Cultura

Brás Cubas volta ao FESTA

Sucesso na 1ª edição do Festival, espetáculo retorna ao Minas

Como parte da programação especial do centro Cultural Unimed-BH Minas apresentamos o FESTA – FESTIVAL DE TEATRO E ARTES, que chega à sua segunda edição com espetáculos voltados aos públicos infantil e adultos, o festival é uma ode à inventividade dos artistas e à diversidade de reflexões que emergem das singularidades das suas montagens.

Brás Cubas, versão cênica de Paulo de Moraes para a obra-prima de Machado de Assis, que traz o Bruxo do Cosme Velho para o centro de cena, como personagem. Com dramaturgia de Maurício Arruda Mendonça, a nova montagem da Armazém tem elenco formado por Sérgio Machado, Jopa Moraes, Bruno Lourenço, Isabel Pacheco, Felipe Bustamante e Aline Deluna, iluminação de Maneco Quinderé, cenografia de Carla Berri e Paulo de Moraes, figurinos de Carol Lobato e direção musical de Ricco Vianna. 

Na história, Machado de Assis reflete sobre a formação da elite brasileira. Entre tiradas filosóficas e metafísicas, o defunto Brás Cubas rememora sua intensa e frívola vida burguesa, no Rio de Janeiro do século 19, no meio de amores frustrados e a invenção de um remédio para a cura do grande mal da humanidade: a melancolia.

A dramaturgia de Brás Cubas, assinada por Maurício Arruda Mendonça, é uma adaptação do romance de Machado de Assis, mas não uma adaptação no sentido clássico porque insere o próprio autor na peça, como personagem. “O espetáculo tem uma certa vinculação com o sonho. A gente constrói essa história como se estivéssemos dentro da casa do Machado, acompanhando a sua criação. E o ponto central da nossa adaptação é o delírio que o personagem do Brás tem momentos antes de sua morte.”, comenta Paulo de Moraes.

Machado de Assis (vivido por Bruno Lourenço) invade sua narrativa com comentários que visam conectar contemporaneamente suas críticas à sociedade brasileira. “Nosso Machado não é um personagem biográfico. Embora todas as questões que o personagem coloque na peça tratem de assuntos sobre os quais Machado escreveu, estão colocadas em contextos diferentes. É uma brincadeira a partir de detalhes biográficos. Um personagem imaginário tentando se comunicar com o nosso tempo.”, finaliza Paulo. 

Brás Cubas venceu o Prêmio APTR de Teatro nas categorias de Espetáculo e Direção, além de ter sido indicado para Dramaturgia, Cenografia e Jovem Talento.
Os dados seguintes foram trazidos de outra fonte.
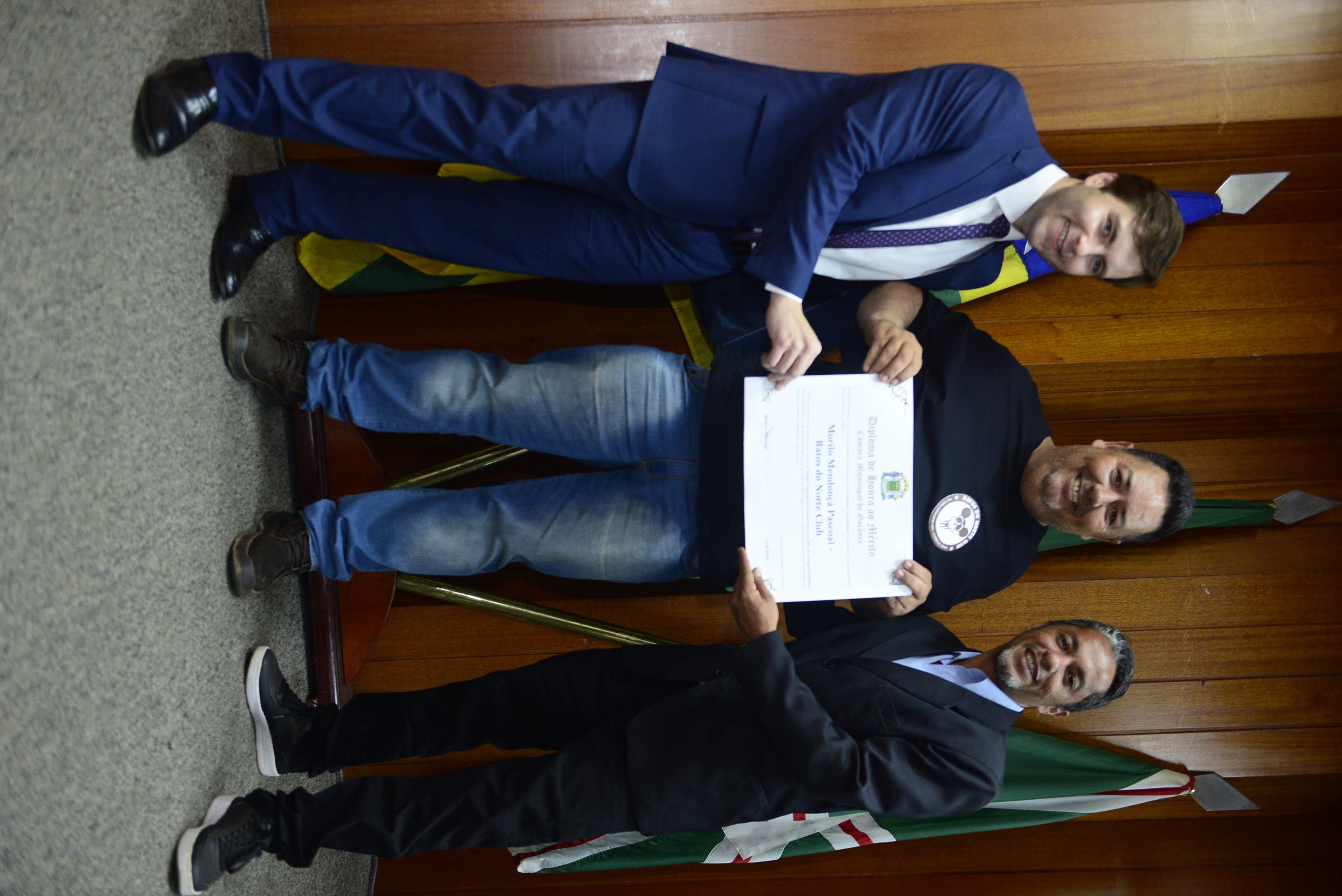 FOTO ANTONIO SILVA (282).JPG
Em outubro de 2023, o espetáculo participou do Festival Internacional de Teatro de Wuzhen, na China, ao lado de importantes figuras do teatro mundial, como Robert Wilson e Joël Pommerat. No segundo semestre de 2024, fez uma turnê que incluía Vladivostok (Rússia), Pequim, Xangai e Foshan (China).

SOBRE A ARMAZÉM CIA DE TEATRO: 
No fim de 2024, a Armazém Companhia de Teatro completou 37 anos de atividades ininterruptas. Com mais de 50 prêmios nacionais no currículo, a companhia também foi premiada duas vezes no Festival Fringe de Edimburgo (na Escócia), com o prestigiado Fringe First Award (2013 e 2014) e no Festival Off de Avignon (na França), com o Coup de Couer de la Presse d’Avignon (2014).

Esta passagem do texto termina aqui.